Tras pasar 36 años de su vida en los campos de California, Isabel Rojas conoce bien los rigores de trabajar largas horas a la intemperie.
Ella es una de los 400 mil campesinos del estado que sigue de cerca la evolución de la SB1121, la propuesta introducida por el senador demócrata Dean Florez, que ha logrado ya el apoyo de ambas cámaras estatales.
La medida reformaría el Código Laboral estableciendo la compensación de tiempo extra de los campesinos —que se paga a razón de hora y media de salario por hora trabajada—, una vez superen la jornada de ocho horas diarias (ó 40 semanales), en lugar de 10 horas diarias (ó 60 semanales) como hasta ahora.
"Ya es hora de que nos equiparen al resto de los trabajadores", dice Rojas, quien emigró de México a los 12 años, y desde esa edad ha trabajado en el campo en tareas como la pisca de uvas, y cultivando rosas, entre otras.
Rojas señala que en todo ese tiempo ha visto muchas mejoras, como los tiempos de descanso, el beneficio del seguro de desempleo y, más recientemente, las regulaciones que permiten a los trabajadores, breves descansos a la sombra para evitar la insolación.
"Todo ha sido a base de luchar por derechos básicos, y esta es otra batalla que merecemos ganar", dice Rojas.
La palabra la tiene ahora el gobernador Arnold Schwarzenegger, de quien se espera tome una decisión dentro de las dos próximas semanas sobre si vetar la ley o aprobarla, ratificando la voluntad de los legisladores.
Paul Wenger, presidente de California Farm Bureau Federation (CFBF), que representa a los patronos agrícolas del estado, señala que éstos se oponen a la medida, entre otras cosas porque acabaría perjudicando a los trabajadores.
"Supondría un incremento de costos del 24% de un día para otro, algo que con los limitados márgenes que tenemos no podemos permitirnos", dice Wenger, un cultivador de nueces en Modesto.
A los argumentos que comparan los beneficios de quienes trabajan en una oficina con aire acondicionado y reciben compensación por trabajo extra, luego de ocho horas, con los de los campesinos que desempeñan una tarea mucho más dura, Wenger responde señalando que se trata de una industria completamente diferente.
"Un banco o una tienda pueden distribuir sus plantillas y jornadas sin generar ningún tiempo extra, pero la cosecha, cuando llega, no puede esperar", dice Wenger.
Comenta que si la legislación se aprueba tendrá que recortar las jornadas de sus empleados, que acabarán trabajando menos horas.
"Tengo tres empleados y tres hijos trabajando en los campos.

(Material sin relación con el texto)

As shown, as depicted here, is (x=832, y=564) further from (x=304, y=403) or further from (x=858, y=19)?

Para mí todos son familia, pero no puedo asumir los costos que esta ley me impondría", dice Wenger.
Pero Merlyn Calderón, directora de política en California, del Sindicato de Campesinos (UFW), considera que se trata de las mismas excusas de siempre.

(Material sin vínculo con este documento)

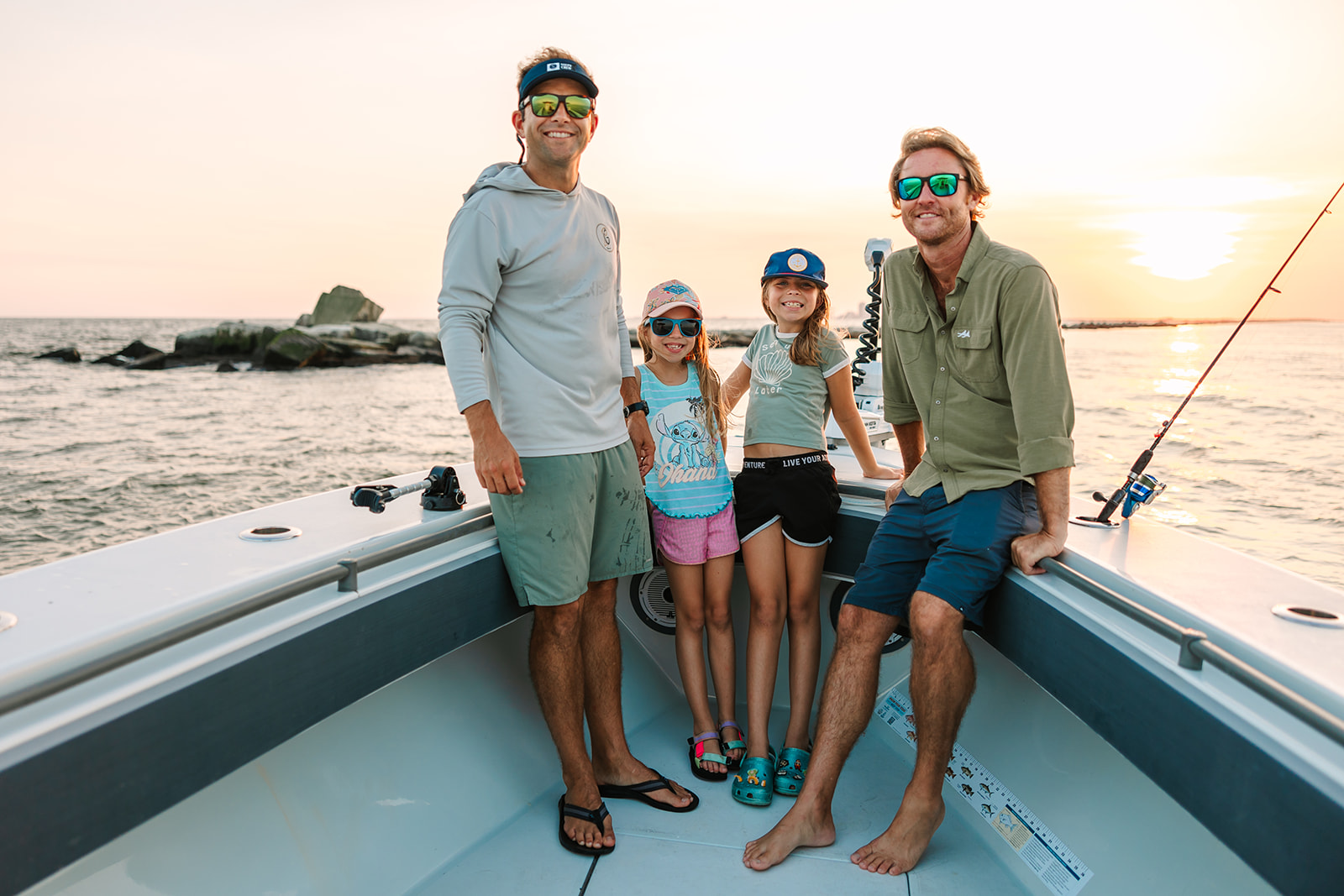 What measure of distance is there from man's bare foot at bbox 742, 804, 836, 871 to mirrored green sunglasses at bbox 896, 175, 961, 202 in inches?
54.7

"Con base en el argumento de los costos que no pueden asumirse no habríamos conseguido derechos básicos en aspectos como el trabajo infantil o proporcionar agua, sombra y descansos a los campesinos", dice Calderón.
La activista enfatiza que la fragmentación de los trabajadores —los 400 mil campesinos de California se distribuyen entre unos 80 mil ranchos—, y la abundancia de indocumentados en el sector, limita enormemente la capacidad de negociación de los mismos con sus patrones.
"Aun cuando existen leyes que los protegen, hay una realidad en los códigos, y otra mucho más dura en los campos", dice Calderón, esperando que el gobernador dé su apoyo a los campesinos firmando esta ley.